> Data shown:

============================================================

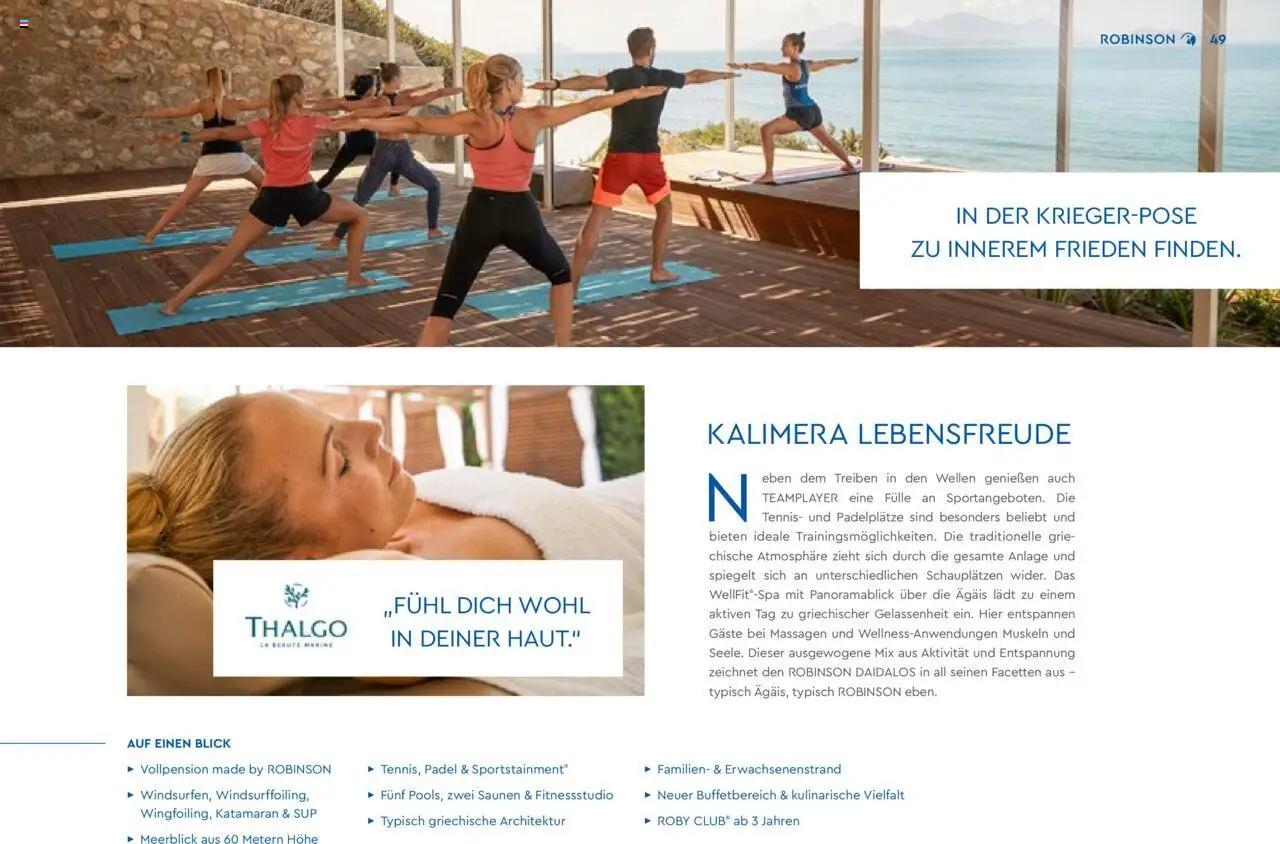 TUI Robinson 2024/25 - Unsere Clubs & Storys - gültig ab dem 04.11.2024 | Seite: 49 | Produkte: SUP
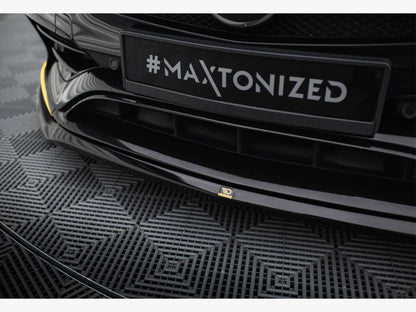 Maxton Design - FRONT SPLITTER V.3 MERCEDES-AMG CLA 45 AERO C117 FACELIFT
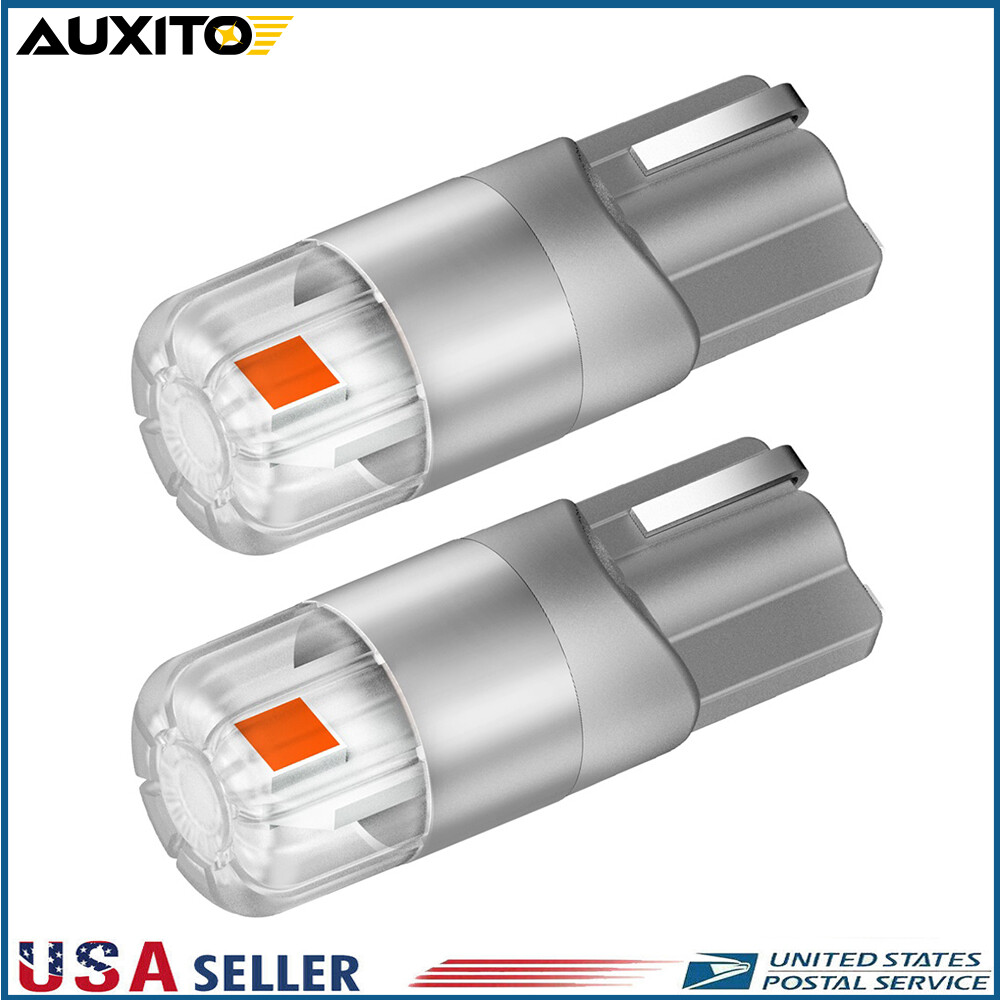 Pure Red T10 LED Inner Tail Light Bulbs Super Bright 2825 168 192 194 175 2821 M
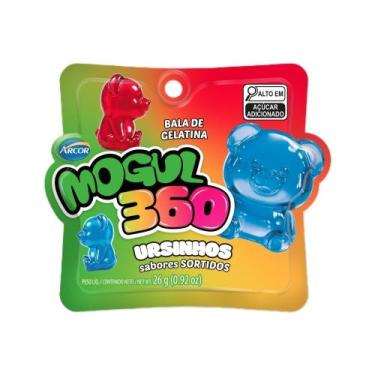 Imagem de Bala de Gelatina Arcor Mogul 360 Ursinhos Sabores Sortidos 26g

============================================================

> Aim of the exercise: Each word of the data should be repeated exactly, and the pictures left out.

> Worked solution:
 TUI Robinson 2024/25 - Unsere Clubs & Storys - gültig ab dem 04.11.2024 | Seite: 49 | Produkte: SUP
 Maxton Design - FRONT SPLITTER V.3 MERCEDES-AMG CLA 45 AERO C117 FACELIFT
 Pure Red T10 LED Inner Tail Light Bulbs Super Bright 2825 168 192 194 175 2821 M
 Imagem de Bala de Gelatina Arcor Mogul 360 Ursinhos Sabores Sortidos 26g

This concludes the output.